After making a superb argument that geographic criteria for determining when a warrant is required for electronic intelligence gathering (ELINT) is nearly obsolete, ...

"Not exactly", as Hertz says. He points out that e-mail that is stored in the U.S. ought to be treated the same way as communications in transit for phone calls.

... Mr. Kris' worry that ELINT targeting foreign terrorist groups performing purely domestic calls is a bit strange.

Not at all. He explains that the thought that the wire restrictions for domestic communications could be explained by the fact that such taps done domestically could involve a lot more purely domestic traffic. I'd note that FISA also had a warrant provision for radio communications if sender and all intended recipients were domestic.

Why should agents of foreign terrorist group who have successfully invaded the United States have their domestic communications protected?...

They're not. Get a warrant and show that's who you're listenting to. IF you want to snoop domestic traffic indiscriminately, you're OOL.

... Indeed, our need for intelligence is greater when the enemy has successfully invaded the United States and is closer to attacking our citizens.

And it's even greater yet when the "enemy" is in fact home-grown domestic. Get the freaking warrant.

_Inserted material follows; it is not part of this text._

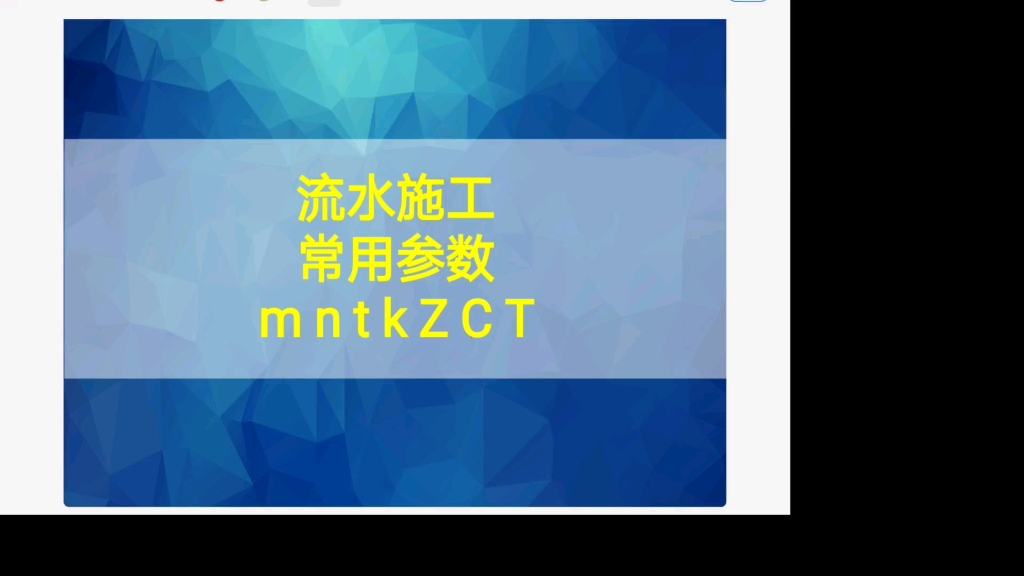 流水施工参数含义哔哩哔哩bilibili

Mr. Kris actually makes a good argument that the FISA architecture should be discarded and we should return to the target and purpose test used by the courts for application of the 4th Amendment warrant requirement....

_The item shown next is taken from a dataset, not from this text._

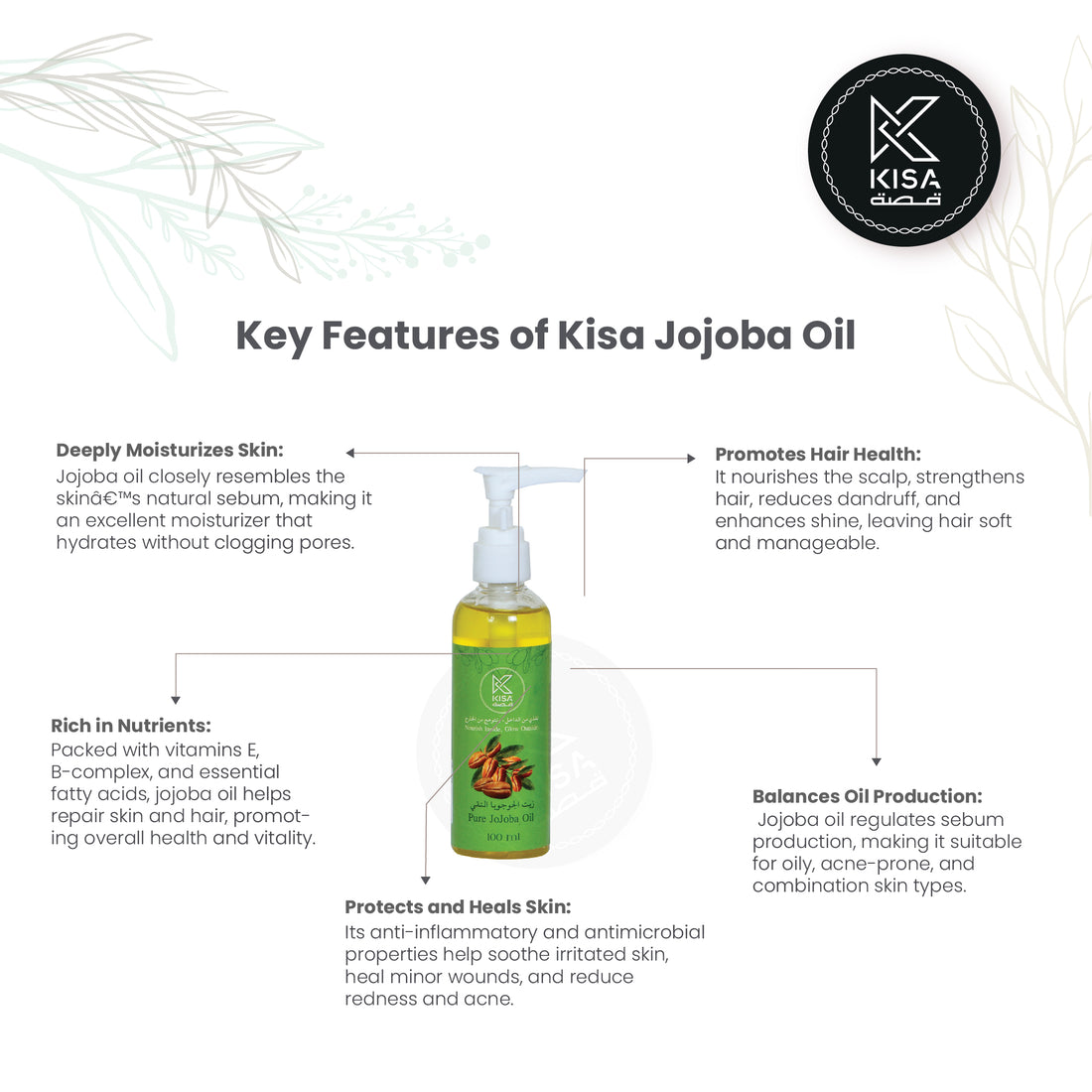 KISA PURE JOJOBA OIL 100 ML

And while the Fourth Amendment provides you no protection against your conversation being snooped without a warrant on you, if you happen to call someone for whom a valid warrant exists, it still requires a warrant. That's a reasonable compromise.

... If the target of the surveillance is an agent of a foreign group (regardless of nationality) and the primary purpose of the surveillance is for intelligence gathering, then no warrant is required.

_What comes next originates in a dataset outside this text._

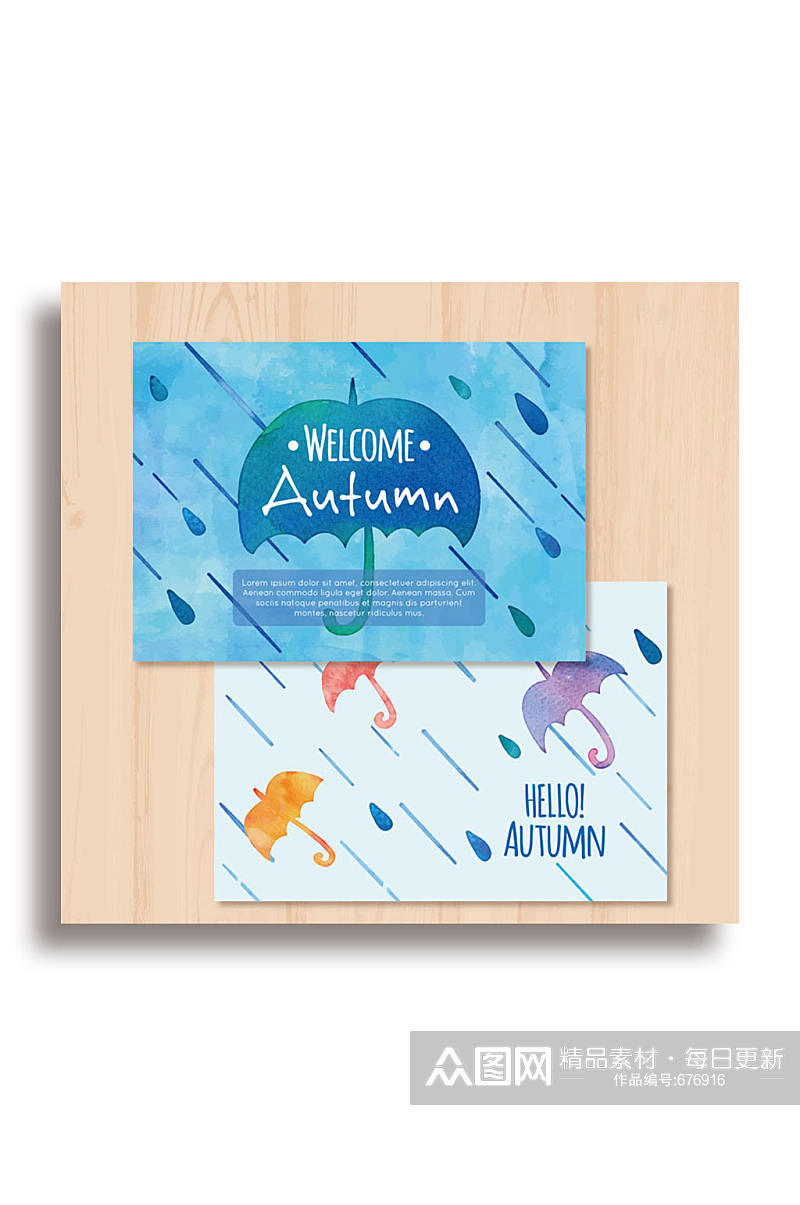 彩绘秋季雨伞卡片矢量素材素材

Why should that be? What's the matter with getting the freakin' warrant? If the gummint is allowed to decide who the "enemies" are, we get what we got with Nixon.

This approach protects innocent Americans without granting the enemy 4th Amendment protections.

The "enemy" already has Fourth Amendment protections. That doesn't mean freedom from wiretapping, any more that the Fourth Amendment means you're free from searched in criminal matters. The question is who we allow, and under what circumstances and under what standard of proof and what oversight, to be wiretapped. The protections there aren't for the Terra-ists; they're for us, "Bart".....

Cheers,
 

I said:

And while the Fourth Amendment provides you no protection against your conversation being snooped without a warrant on you, if you happen to call someone for whom a valid warrant exists, it still requires a warrant. That's a reasonable compromise.

Which is to say, if you want a snoop for criminal purposes, you can't snoop conversations for which you have no probable cause to know that either of the parties is doing something criminal. One of them, at least, must be enough of a "probable" baddie so that you can convince a judge and get the warrant.

What we have with the "no warrant" provisions for "foreign intelligence" purposes is that neither party needs to be shown to be a baddie to anyone (other than the snoops, if they even give a fig about that). Which makes anyone fair game.

FISA says this is only permissible when both parties are foreign (they're furriners, screw 'em). Once you have a "U.S. person" involved, you should be prepared to show why, in the name of "national intelligence", you should be allowed to snoop that person.

Keep in mind that, in writing such laws that protect privacy, it's not the "baddies" that we're trying to protect; if they're bad they should be snooped (after someone shows that they are bad). And if our conversations with such "baddies" is snooped, dem's da breaks. We are trying to protect our own privacy rights. When we get rid of warrant requirements, so that anyone the gummint thinks is a "person of interest" is fair game, all bets are off.